ÖFKELENİNCE NELER OLUYOR?

CENNETE GİRMEME VESÎLE OLACAK BİR ŞEY ÖĞRETİR MİSİNİZ?

Ebu’d-Derdâ -radıyallâhu anh- Peygamber Efendimiz’e:

“–Cennete girmeme vesîle olacak bir şey öğretir misiniz?” deyince; Allah Rasûlü -sallâllâhu aleyhi ve sellem-:

“–Öfkelenme!” buyurdu. (Buhârî, Edeb, 76; Tirmizî, Birr, 73)

Bir başka hadîs-i şerîfinde de Efendimiz -sallâllâhu aleyhi ve sellem- şöyle buyurmuştur:

“Dikkat edin! İnsanların kimisi vardır yavaş öfkelenir, öfkesinden çabuk döner.

Kimisi vardır çabuk öfkelenir, çabuk sakinleşir; bu iki haslet birbirini dengeler, dolayısıyla övmek veya yermek söz konusu değildir.

Dikkat edin!
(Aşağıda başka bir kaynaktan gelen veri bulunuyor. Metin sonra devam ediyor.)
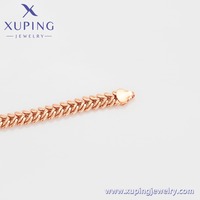 A00912456 Joyería XUPING, Collar de Cadena de Espiga Chapado en Oro Rosa sobre Cobre, 60CM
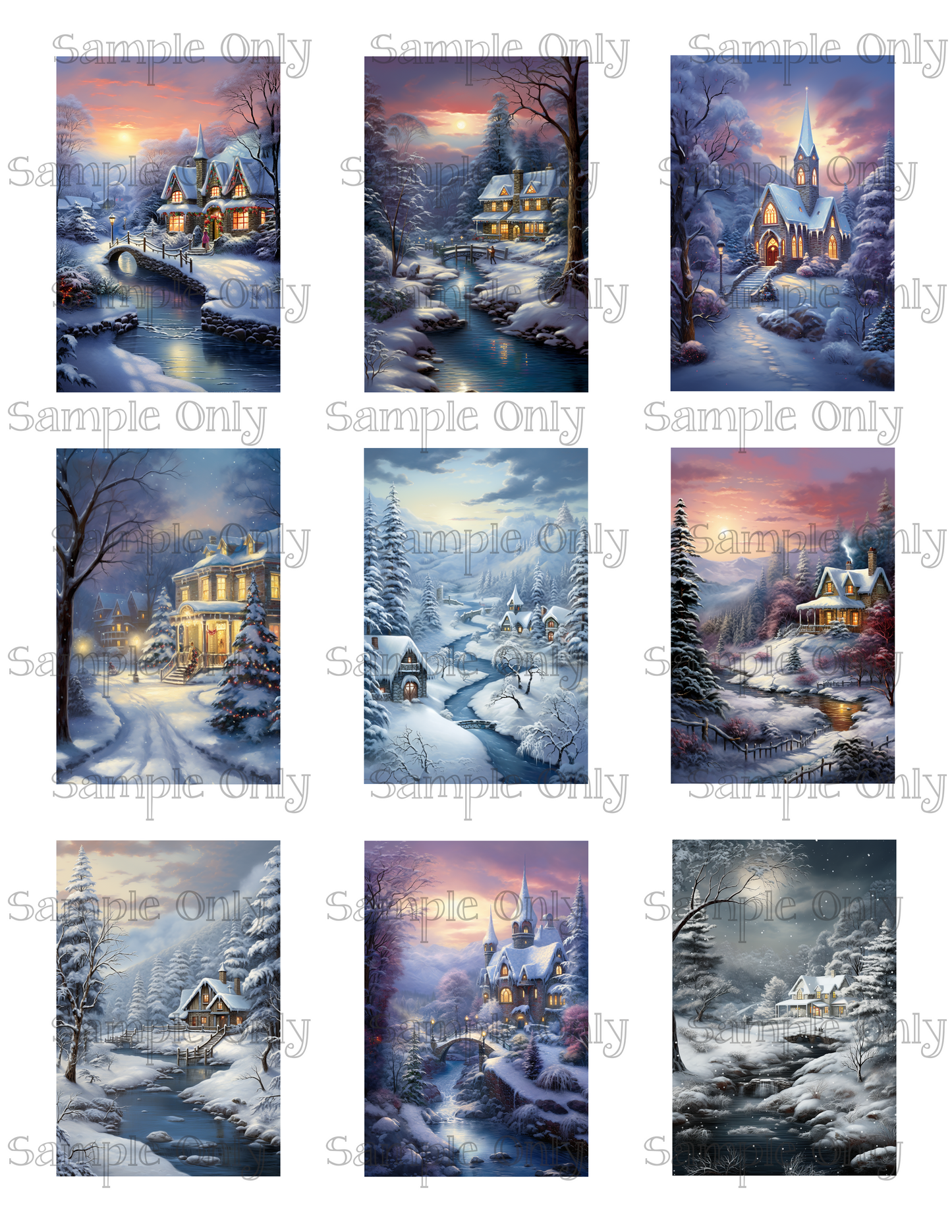 2x3 Inch Snowy House Scenes Image Transfer Sheet For Polymer Clay
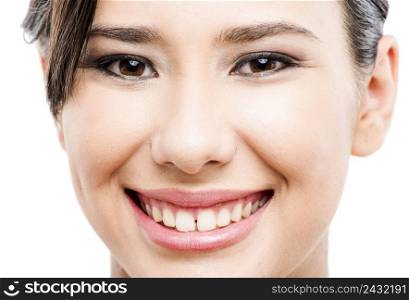 Beauty portrait of young asian woman smiling, isolated over white background.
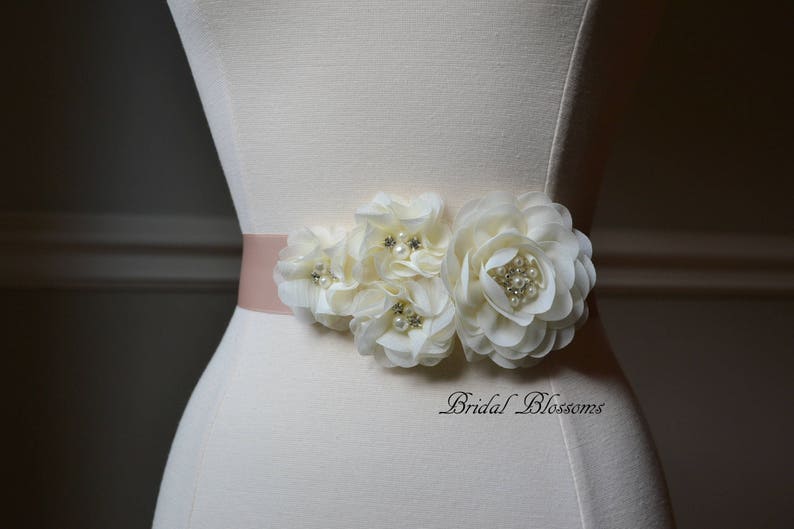 JULIA Blush Ivory Chiffon Flower Bridal Sash Fabric Flowers Wedding Dress Sash Bridal Belt Ribbon Bridesmaids Pearl Rhinestone image 1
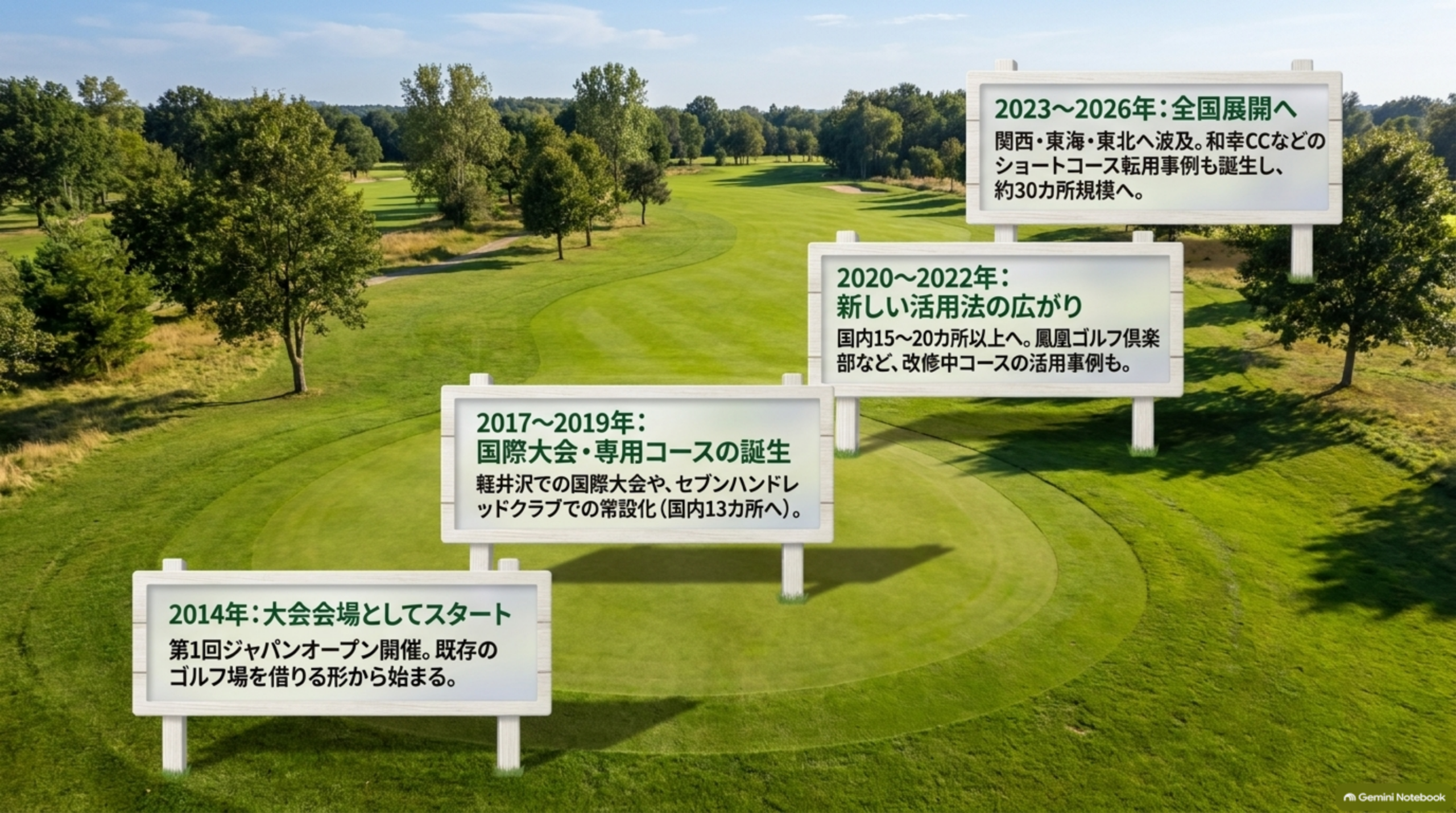 2014年は大会会場としてスタート、2017〜2019年は国際大会やセブンハンドレッドクラブでのコース開設、2020〜2022年は新しい活用法の広がり、2023〜2026年は関西・東海・東北へ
Kimisi vardır, çabuk öfkelenir, geç sakinleşir. Bunların en hayırlısı geç öfkelenip, çabuk sakinleşendir. Bunların en şerlisi de çabuk öfkelenip geç sakinleşendir.” (Tirmizî, Fiten, 26/2191; İbn-i Mâce, Fiten, 18; Hâkim, IV, 551/8543; Beyhakî, Şuab, VI, 309)

3 ADIMDA ÖFKEYİ KONTROL ETMEK

Şeytanın işini kolaylaştıran en mühim insânî zaaf “öfke”dir. İnsan öfkelendiğinde, şeytan, bir çocuğun topla oynadığı gibi o kimseyle oynamaya başlar.

En akıllı insan, öfkesine hâkim olabilen kişidir. Yani öfke, aklın en büyük düşmanıdır. Nitekim şöyle denilmiştir:

“Öfke gelir göz kararır, öfke gider yüz kızarır.”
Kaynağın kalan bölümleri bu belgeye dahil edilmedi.